Slenderness and Health

14.01.2019 14:07:33

The number of obese people in western industrialized countries has been steadily increasing over the years. A recent study by the Robert Koch Institute on the health of the adult population of Germany showed that more than two thirds of men and more than half of women definitely have excessive body weight.

Risks Increase With BMI

The main problem in people with obesity is the excess of the total body fat percentage, especially inside the body. So people have to reckon with the concomitant complications.

The German Society for the Treatment of Obesity distinguishes between three grades of obesity, where the body mass index (BMI) of 40 or more corresponds to the highest grade associated with very high risks of the disease. Along with the damage to the musculoskeletal and muscular component of the musculoskeletal system, hypertension and acquired type 2 diabetes are considered to be the most frequent diseases associated with obesity. Diseases of the cardiovascular system, which among other things can lead to heart attack or stroke, are often included in the list as well.

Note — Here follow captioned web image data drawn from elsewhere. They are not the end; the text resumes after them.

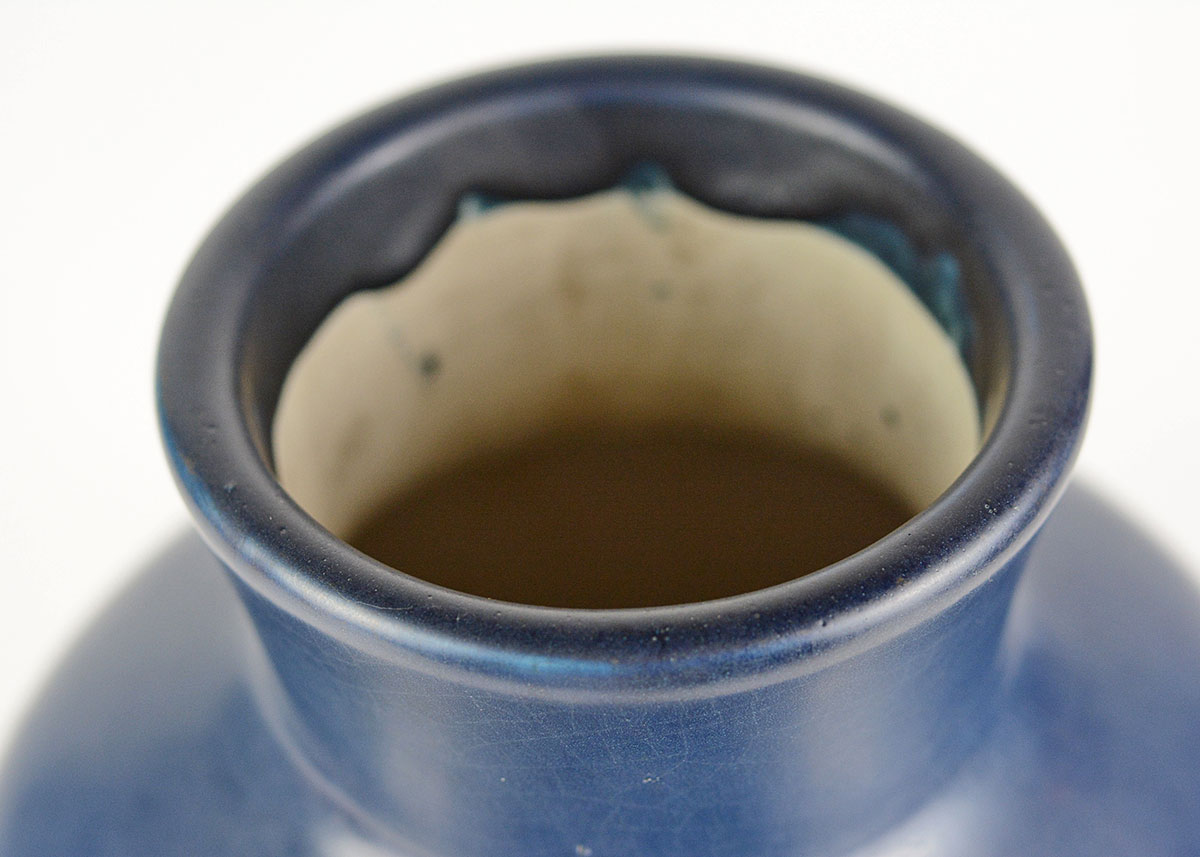 Original Hampshire Pottery Arts and Crafts Art Pottery Lamp Base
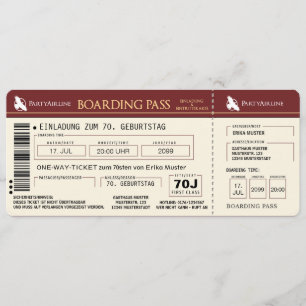 cartão particular de convite a 70. Aniversário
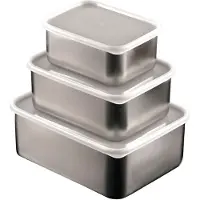 Semoic Frischhaltebox, Kühlschrankbox, Probenbox, Verdickte, Versiegelte, Quadratische Verpackungsbox mit Deckel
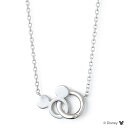 ディズニー ネックレス ミッキーマウス THE KISS メンズ ネックレス・ペンダント シルバー DI-SN1412CZ シンプル TP20 父の日ギフトに
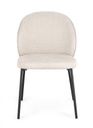 2x Sedia nero/beige 54x60x83h 48.5h1 in tessuto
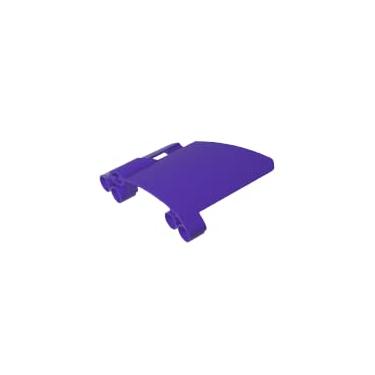 Imagem de Eske Kouri Gobricks GDS-1342 Panel Fairing #23 Large Short, Small Hole, Side B Compatible with Lego 44353 All Major Brick Brands,Building Blocks ,Technical Parts (268 Dark Purple(060),7 PCS)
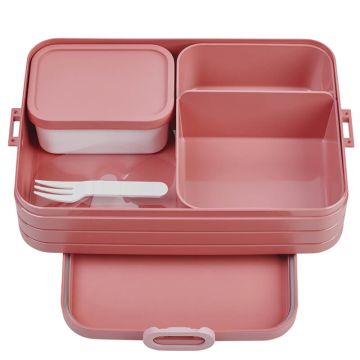 Mepal bento lunchbox take a break large - vivid mauve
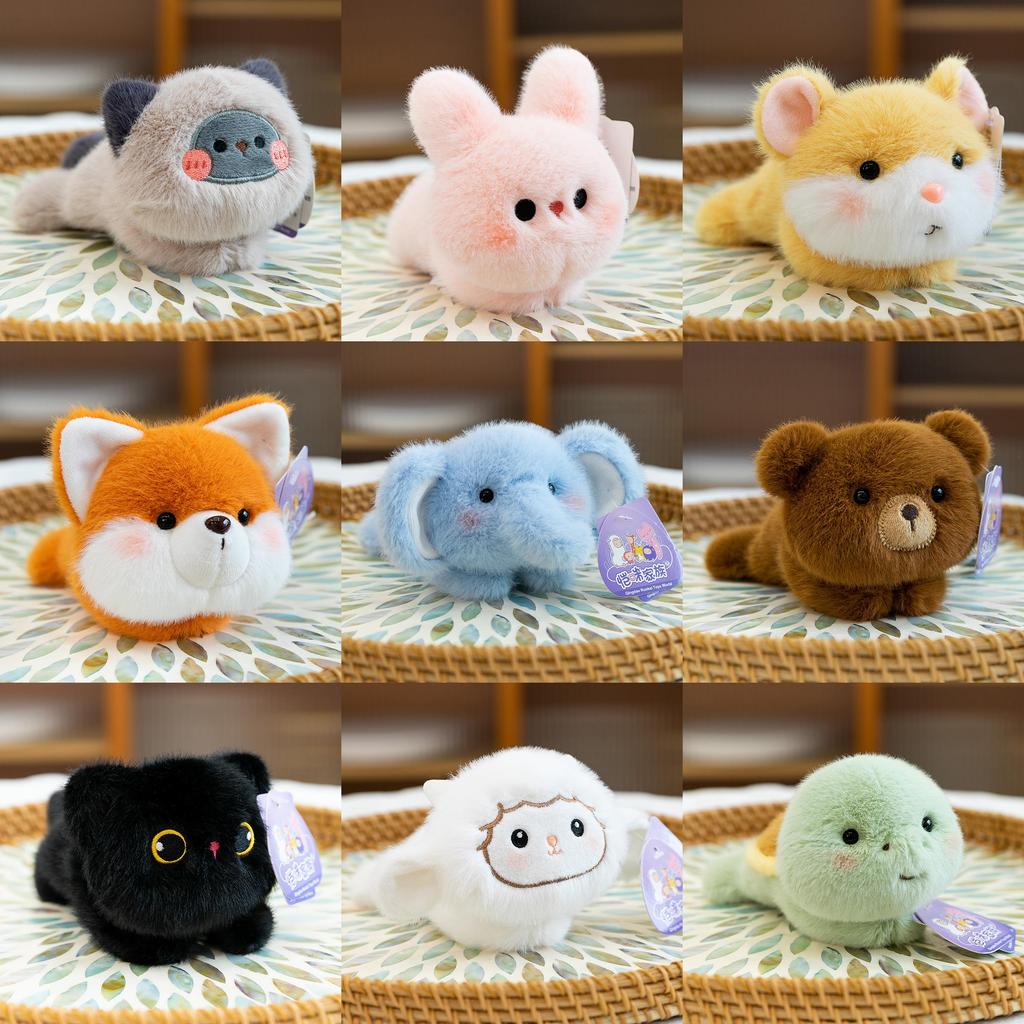 Short Plush Elephant Cat Bear Fox Refrigerator Magnet For Kitchen Decor And Gift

Obesity is a chronic disease that, in most cases, is acquired over the years due to an unhealthy lifestyle. “The best way to lose weight is doing sport and changing eating habits,” explains Dr. Ralph Weise, Head of the Department of General and Visceral Surgery and Head of the Nord-West Obesity Centre in Friesoythe.


Bariatric surgery is aimed, first of all, at a positive change in metabolism. Currently, along with the so-called biliopancreatic bypass procedure, gastric bypass is also a very effective method. Gastric bypass provides the digestion of only part of the food eaten.

Along with a noticeable weight loss, the advantage of the surgery is that obese patients can cope with diabetes which was treated almost unsuccessfully earlier. “In many patients with type 2 diabetes, after gastric bypass surgery, the intake of diabetes medications is significantly reduced or even completely eliminated," says Dr. Weise.

During gastric bypass, the stomach is divided a few centimetres below the entrance to the stomach. In this way, a large part of the stomach and a small part of the small intestine are separated, thus a markedly reduced stomach remains, connected directly to the rest of the small intestine.

“On the one hand, a positive effect for patients with obesity is that the small size of the stomach ensures rapid satiation,” says Dr. Ralph Weise. “On the other hand, the food eaten passes through the rest of the stomach and part of the small intestine through the bypass where only part of the nutrients are absorbed and transported with blood. Thus, most of the undigested elements are sent further to the large intestine and ultimately leave the body undigested.”